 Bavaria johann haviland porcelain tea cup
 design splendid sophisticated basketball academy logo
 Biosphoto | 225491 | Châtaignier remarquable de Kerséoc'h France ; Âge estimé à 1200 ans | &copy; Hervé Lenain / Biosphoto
##############################
_ABOUT THIS EXERCISE_
What you return must be the lines from the line holding "design splendid sophisticated" through the final line of the material, word for word, and nothing more.

_OUTPUT OF THE EXERCISE_
 design splendid sophisticated basketball academy logo
 Biosphoto | 225491 | Châtaignier remarquable de Kerséoc'h France ; Âge estimé à 1200 ans | &copy; Hervé Lenain / Biosphoto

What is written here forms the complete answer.